■ Work instruction
Repeat the data exactly, leaving out any image.
The data Start Marker
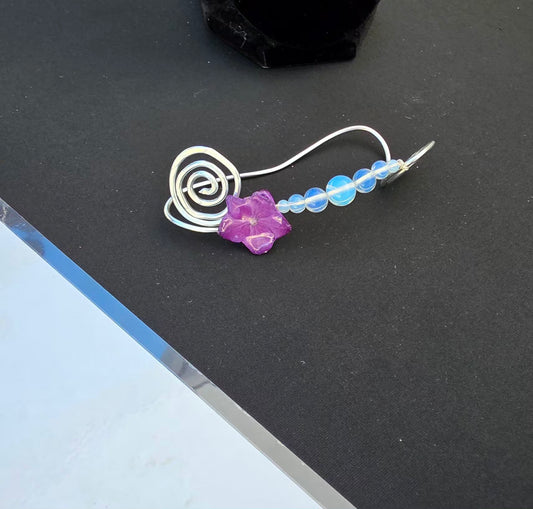 OPALITE HYDRANGEA HAND BRACELET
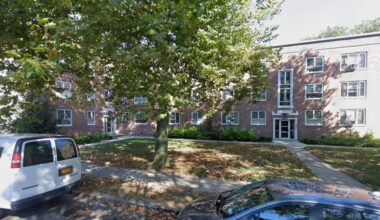 Man, 71, woman, 65, dead in double stabbing at Queens apartment building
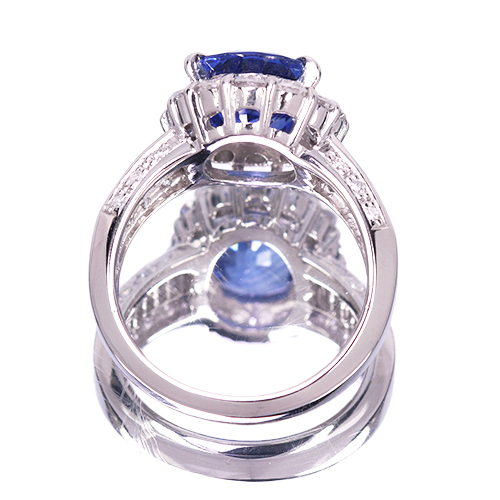 超美品　サファイア リング ロシアンブルー 10ct コーンフラワーブルーサファイア 4ct ダイヤモンド 1.1ct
The data End Marker
■ Response
 OPALITE HYDRANGEA HAND BRACELET
 Man, 71, woman, 65, dead in double stabbing at Queens apartment building
 超美品　サファイア リング ロシアンブルー 10ct コーンフラワーブルーサファイア 4ct ダイヤモンド 1.1ct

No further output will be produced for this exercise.